SALATIGA | PortalindinesiaNews.Net – Aroma janggal kembali menyeruak dari proyek pembangunan Taman Wisata Religi (TWR) di Jalan Pattimura, Kota Salatiga. Alih-alih menghadirkan nuansa religius, pelaksanaannya justru memicu keresahan warga dan pengguna jalan.
Sejumlah pengendara mengeluhkan tanah urug yang tercecer di sepanjang jalan akibat aktivitas truk pengangkut material. “Tanahnya bercecer di jalan. Sangat membahayakan pengguna jalan,” keluh Roni, salah satu pengguna jalan, Sabtu (27/9/2025).

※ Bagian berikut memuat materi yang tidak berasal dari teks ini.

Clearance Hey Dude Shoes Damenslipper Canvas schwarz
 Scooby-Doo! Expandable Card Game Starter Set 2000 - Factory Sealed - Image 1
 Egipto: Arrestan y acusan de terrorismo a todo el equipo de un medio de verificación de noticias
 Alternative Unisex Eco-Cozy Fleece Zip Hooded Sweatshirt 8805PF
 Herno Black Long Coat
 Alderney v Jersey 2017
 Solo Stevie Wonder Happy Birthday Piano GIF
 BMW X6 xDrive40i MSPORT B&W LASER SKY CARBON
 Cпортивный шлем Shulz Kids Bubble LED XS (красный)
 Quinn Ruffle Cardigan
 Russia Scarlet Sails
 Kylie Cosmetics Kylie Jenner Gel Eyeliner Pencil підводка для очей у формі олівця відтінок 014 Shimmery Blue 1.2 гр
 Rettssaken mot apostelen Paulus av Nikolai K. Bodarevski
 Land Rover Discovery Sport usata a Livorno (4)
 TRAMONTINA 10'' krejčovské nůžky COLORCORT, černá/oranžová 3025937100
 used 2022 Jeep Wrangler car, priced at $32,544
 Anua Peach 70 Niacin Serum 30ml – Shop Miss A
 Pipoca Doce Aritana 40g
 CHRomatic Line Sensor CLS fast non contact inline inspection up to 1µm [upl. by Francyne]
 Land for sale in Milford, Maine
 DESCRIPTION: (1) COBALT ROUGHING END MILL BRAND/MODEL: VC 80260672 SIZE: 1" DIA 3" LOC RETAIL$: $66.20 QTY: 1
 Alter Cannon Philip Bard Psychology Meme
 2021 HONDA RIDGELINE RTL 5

Debu beterbangan saat panas dan jalan licin kala hujan menjadi ancaman nyata. Warga sekitar yang enggan disebutkan namanya juga melontarkan keluhan serupa. “Kami berharap pihak kontraktor memperhatikan itu,” ujarnya. Namun, keresahan itu tak berhenti di soal keselamatan. Warga bahkan mencurigai adanya praktik jual beli tanah urug ilegal di balik proyek bernilai jumbo ini.
Pantauan portalindonesianews.net di lokasi mendapati aktivitas puluhan pekerja serta truk keluar-masuk mengangkut material. Dugaan adanya transaksi jual beli tanah urug serta penggunaan BBM bersubsidi pun menyeruak, menambah daftar tanda tanya pada proyek senilai Rp 10,1 miliar ini.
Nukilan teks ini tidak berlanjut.